WORK INSTRUCTION: Lines from the one containing "Pioneer 4 You" through the final line of the data, restated word for word and free of pictures, make up the whole answer.

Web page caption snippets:
BEGIN
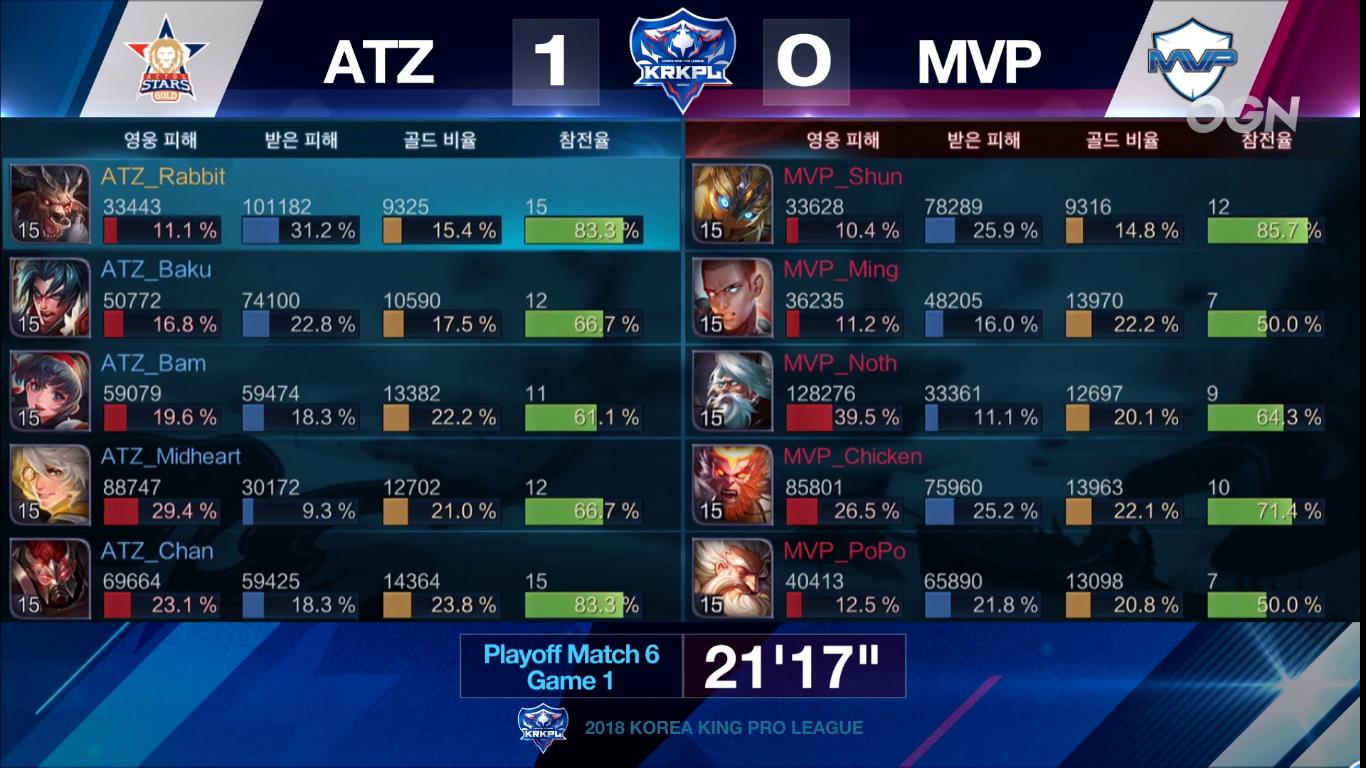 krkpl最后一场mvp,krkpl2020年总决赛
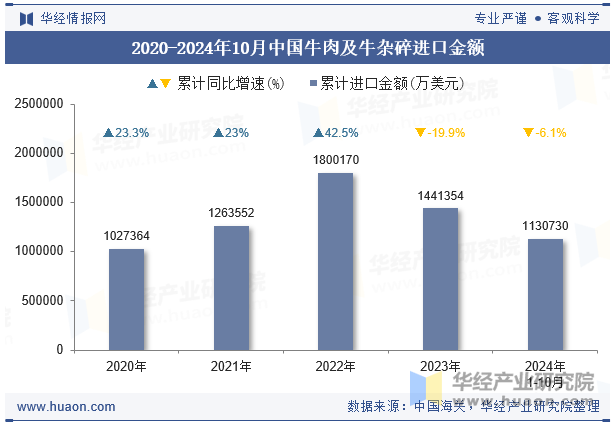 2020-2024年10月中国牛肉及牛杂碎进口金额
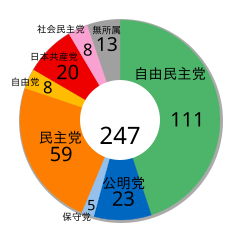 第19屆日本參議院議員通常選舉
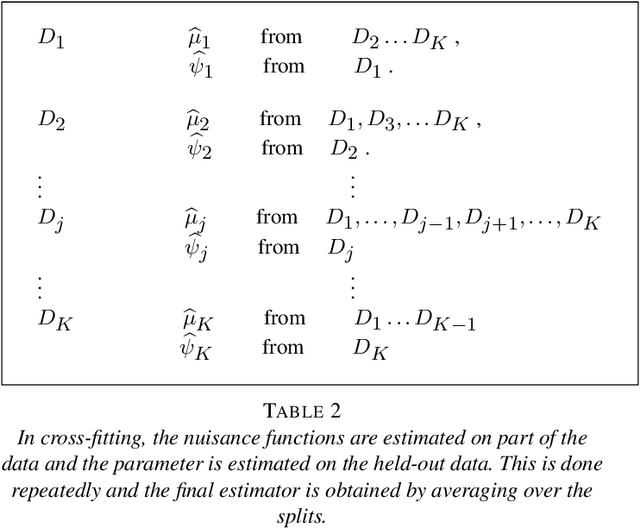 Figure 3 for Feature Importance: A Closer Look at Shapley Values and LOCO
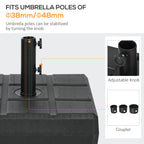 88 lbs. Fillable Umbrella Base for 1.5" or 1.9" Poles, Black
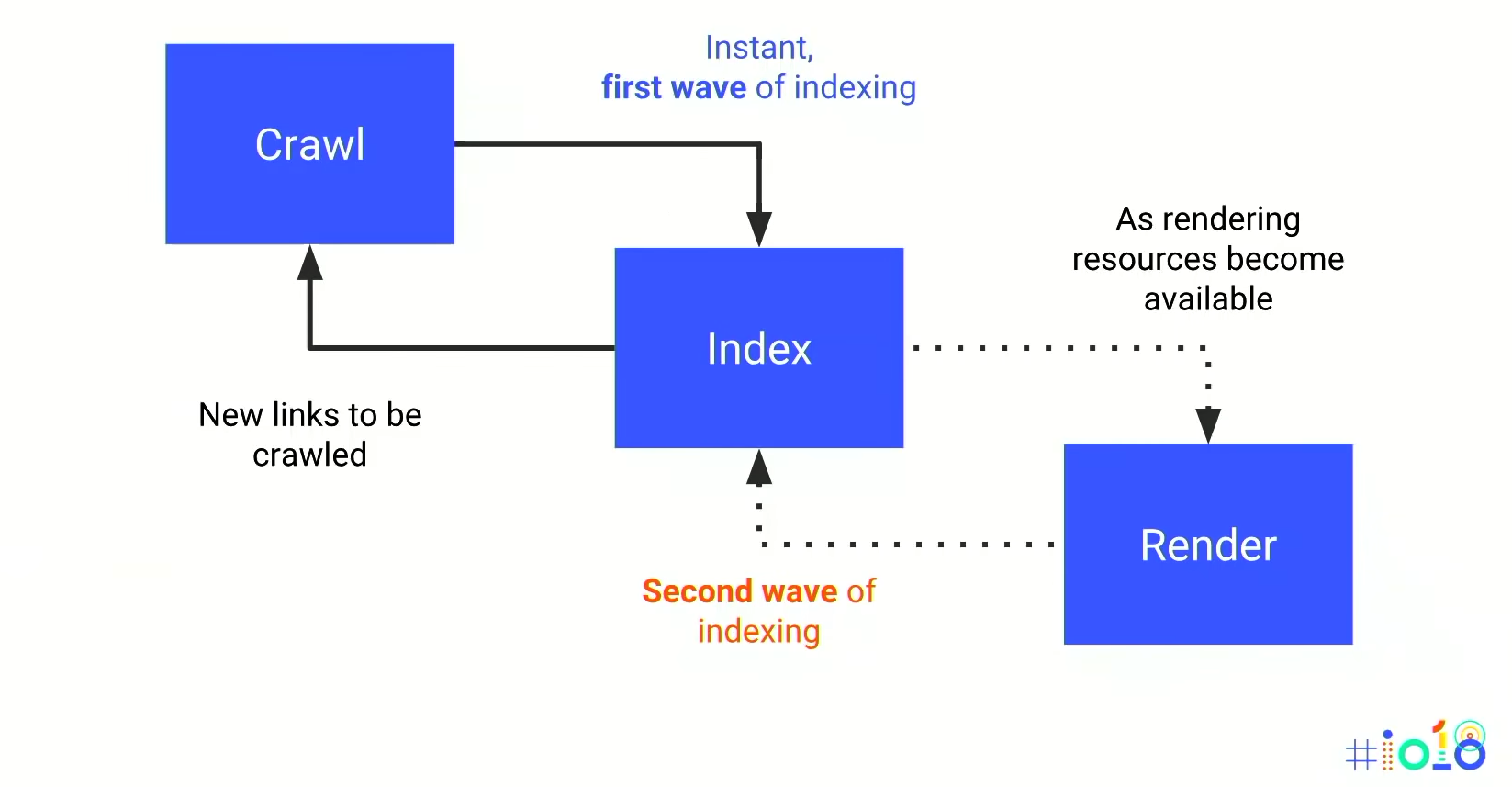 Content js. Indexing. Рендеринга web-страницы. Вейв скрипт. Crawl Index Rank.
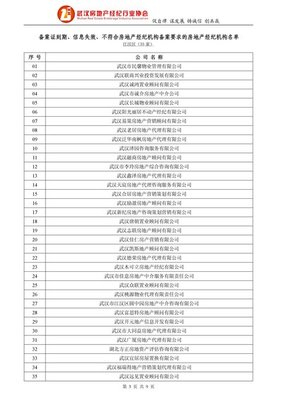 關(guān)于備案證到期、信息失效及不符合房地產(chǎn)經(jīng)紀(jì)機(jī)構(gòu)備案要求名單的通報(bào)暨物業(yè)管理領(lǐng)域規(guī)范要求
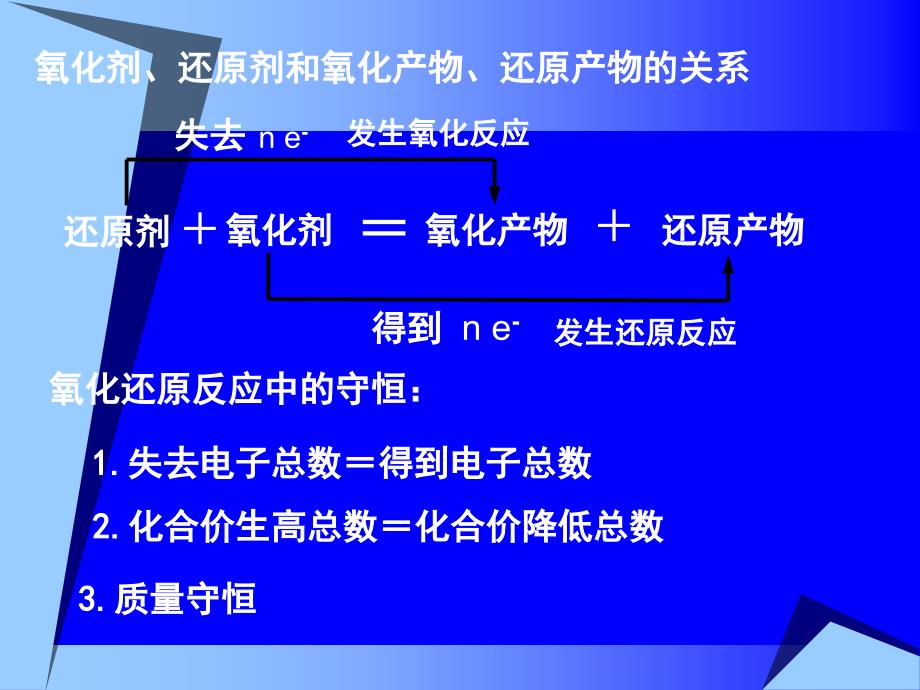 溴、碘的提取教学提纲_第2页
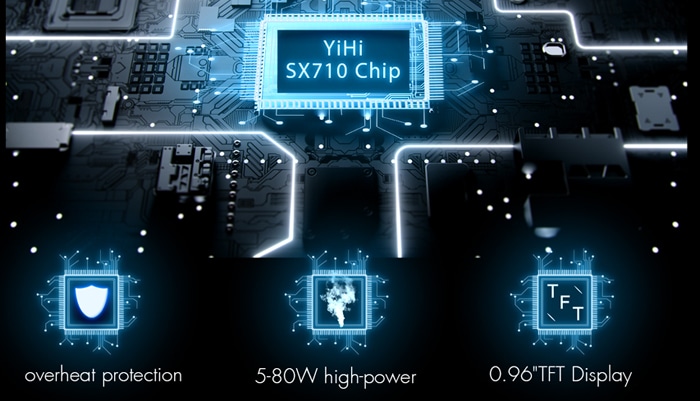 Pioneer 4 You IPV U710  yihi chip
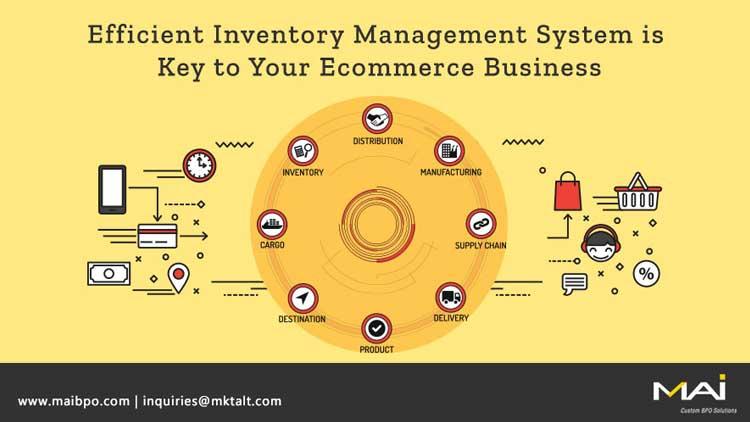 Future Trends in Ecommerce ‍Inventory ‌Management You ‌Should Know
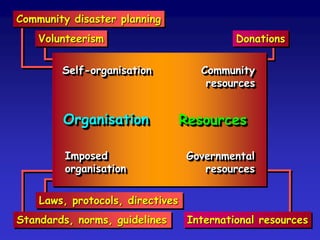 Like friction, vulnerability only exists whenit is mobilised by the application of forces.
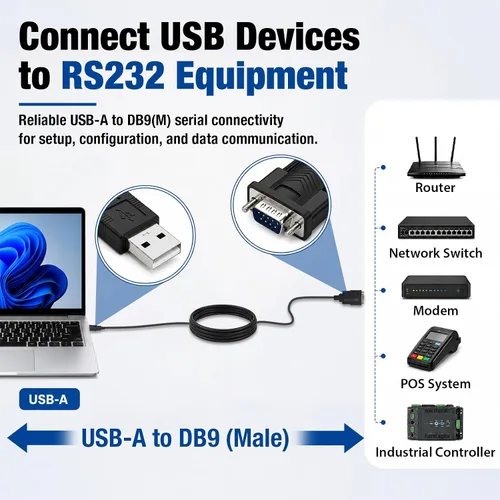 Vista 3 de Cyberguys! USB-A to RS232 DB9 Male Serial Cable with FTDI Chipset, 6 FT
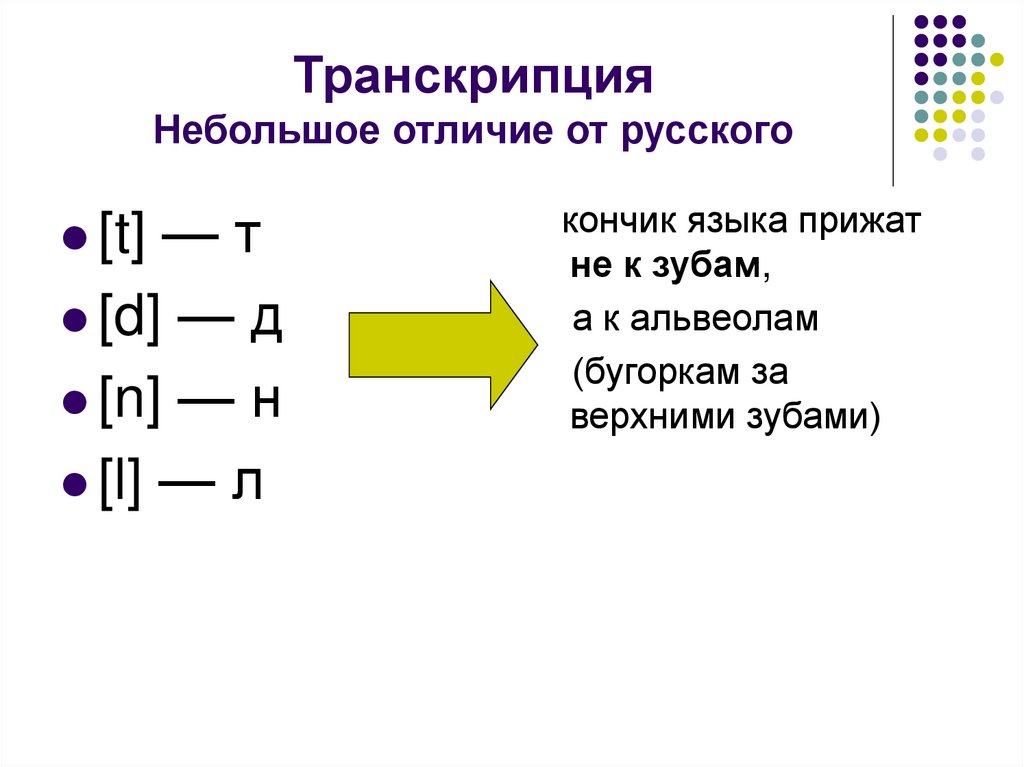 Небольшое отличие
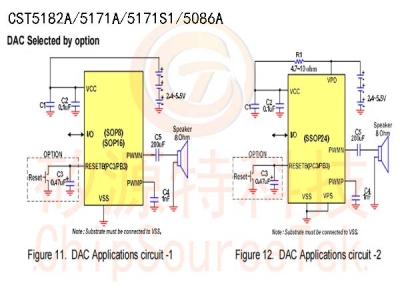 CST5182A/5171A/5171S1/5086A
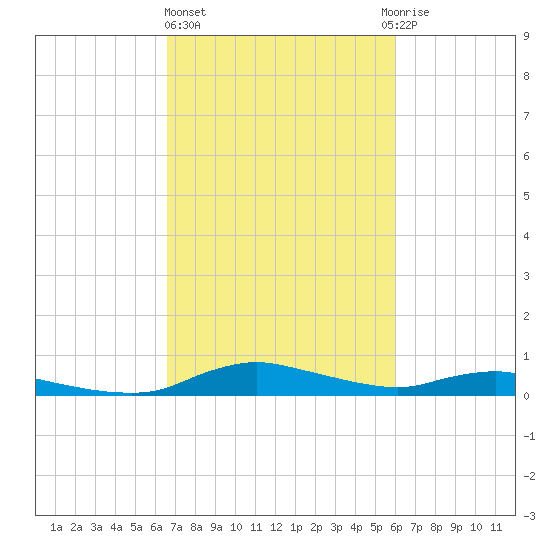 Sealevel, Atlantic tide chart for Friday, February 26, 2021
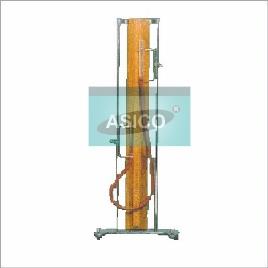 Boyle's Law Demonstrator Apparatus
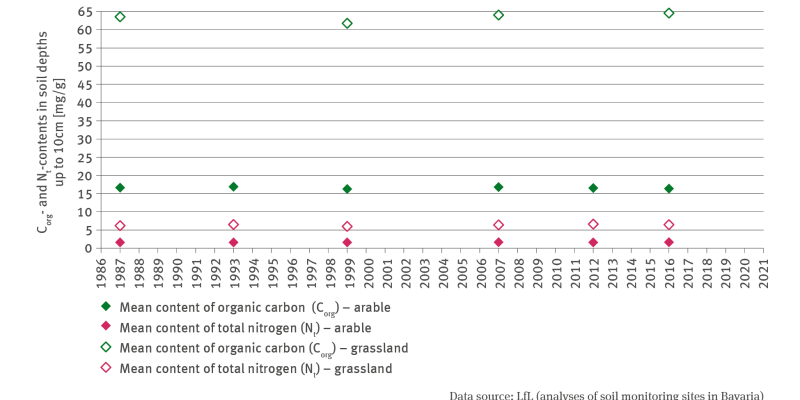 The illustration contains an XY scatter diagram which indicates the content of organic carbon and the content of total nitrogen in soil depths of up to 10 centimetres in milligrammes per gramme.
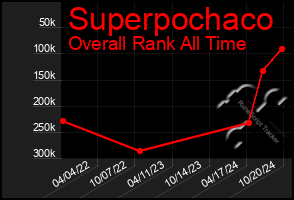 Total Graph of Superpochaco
END
WRITTEN ANSWER:
 Pioneer 4 You IPV U710  yihi chip
 Future Trends in Ecommerce ‍Inventory ‌Management You ‌Should Know
 Like friction, vulnerability only exists whenit is mobilised by the application of forces.
 Vista 3 de Cyberguys! USB-A to RS232 DB9 Male Serial Cable with FTDI Chipset, 6 FT
 Небольшое отличие
 CST5182A/5171A/5171S1/5086A
 Sealevel, Atlantic tide chart for Friday, February 26, 2021
 Boyle's Law Demonstrator Apparatus
 The illustration contains an XY scatter diagram which indicates the content of organic carbon and the content of total nitrogen in soil depths of up to 10 centimetres in milligrammes per gramme.
 Total Graph of Superpochaco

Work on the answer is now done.